§ **Exercise**
Reproduce all of the data below without alteration; exclude every picture.

§ **Given material**
* * * * * * * * *

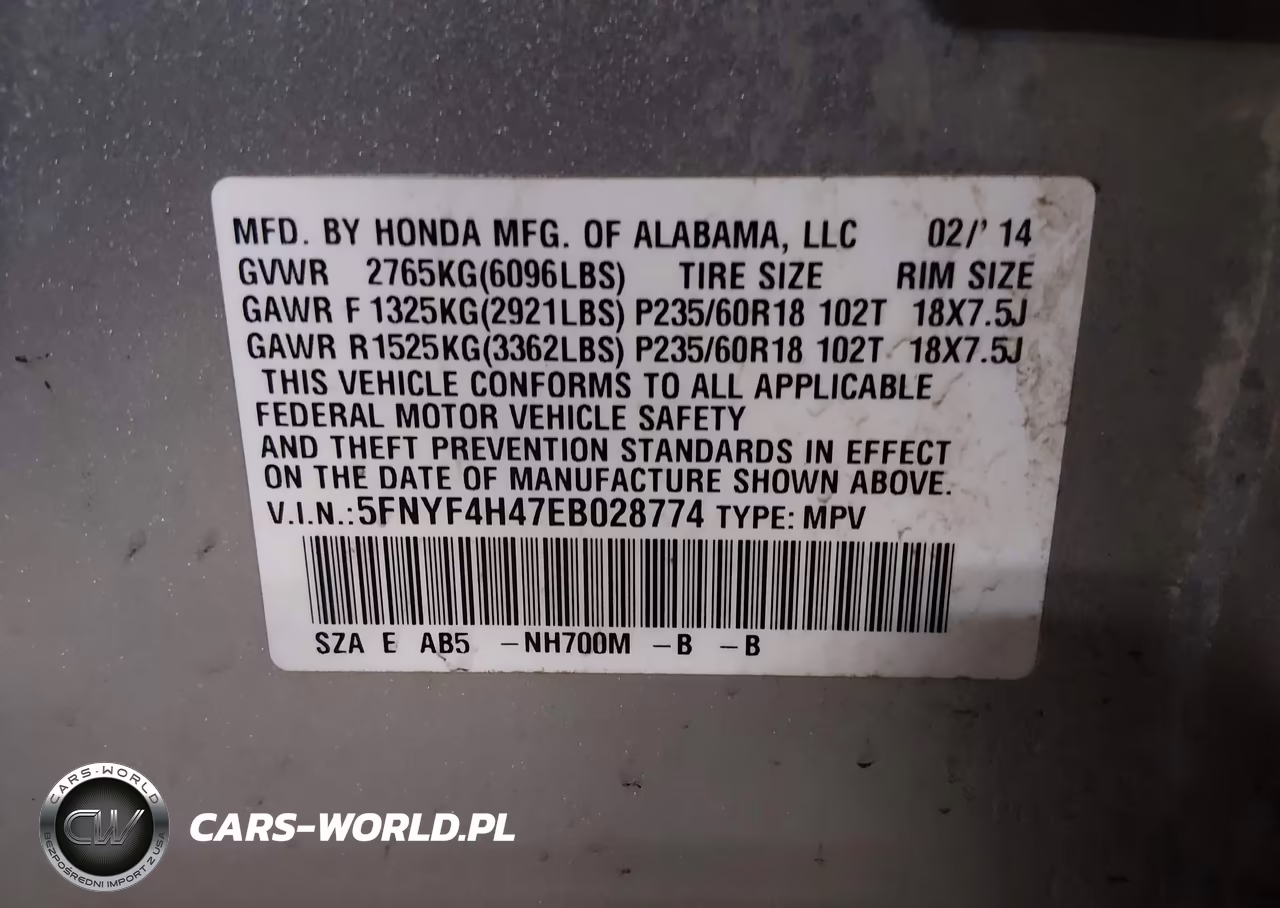 2014 Honda Pilot Ex VIN:5FNYF4H47EB028774 - 9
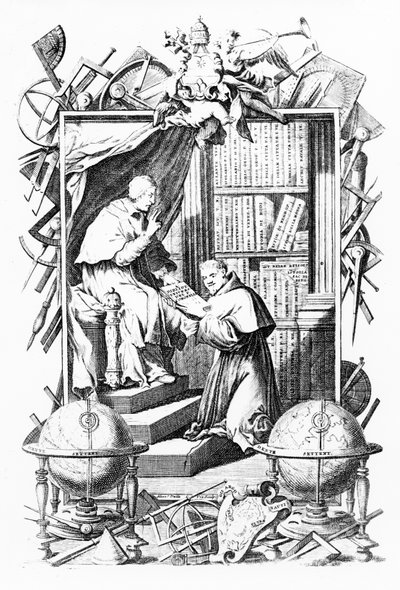 Frontispice för Sacred-Profane Universal Library, Vol. 1 av Vincenzo Coronelli, tryck gjord av Alessandro dalla Via, publicerad 1701 av Italian School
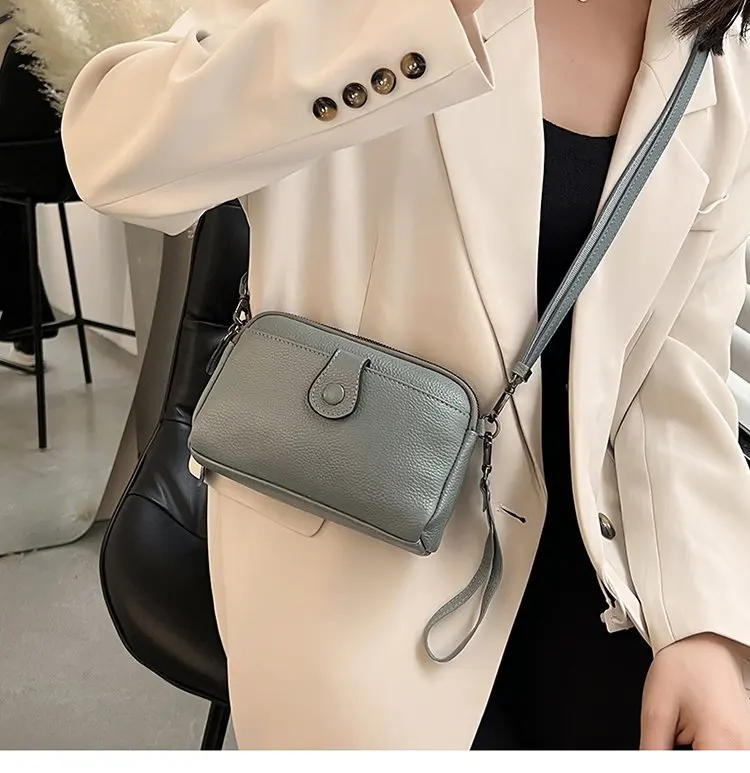 Frauen Aus Echtem Leder Schulter Tasche Neue Casual Weibliche Kleine Umhängetaschen Für Frauen Tasche Handy Tasche Tag Kupplungen – Detail 9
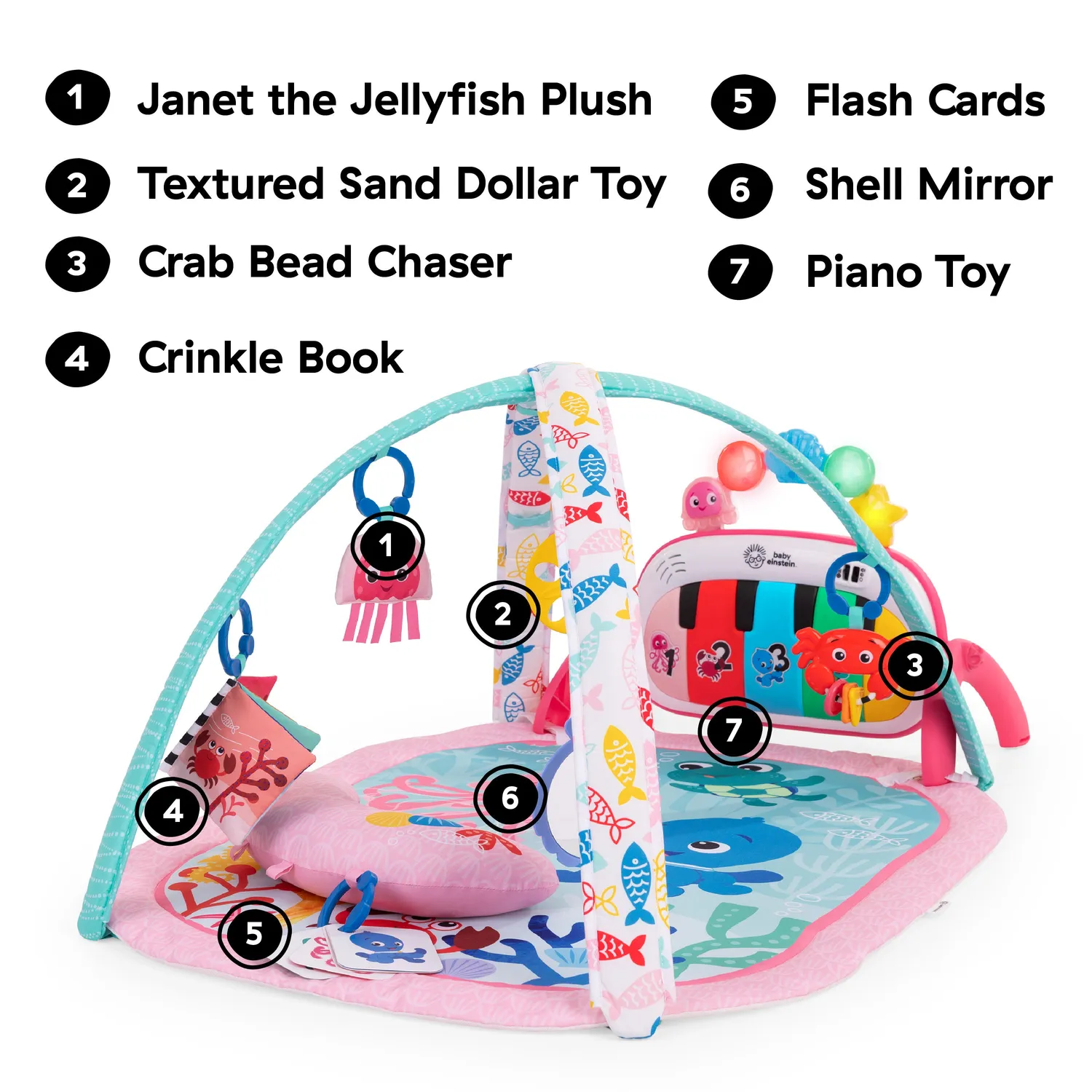 Baby Einstein Jellyfish Jamboree Spieldecke Piano 4-in-1 Musik rosa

* * * * * * * * *

§ **Answer to the exercise**
 2014 Honda Pilot Ex VIN:5FNYF4H47EB028774 - 9
 Frontispice för Sacred-Profane Universal Library, Vol. 1 av Vincenzo Coronelli, tryck gjord av Alessandro dalla Via, publicerad 1701 av Italian School
 Frauen Aus Echtem Leder Schulter Tasche Neue Casual Weibliche Kleine Umhängetaschen Für Frauen Tasche Handy Tasche Tag Kupplungen – Detail 9
 Baby Einstein Jellyfish Jamboree Spieldecke Piano 4-in-1 Musik rosa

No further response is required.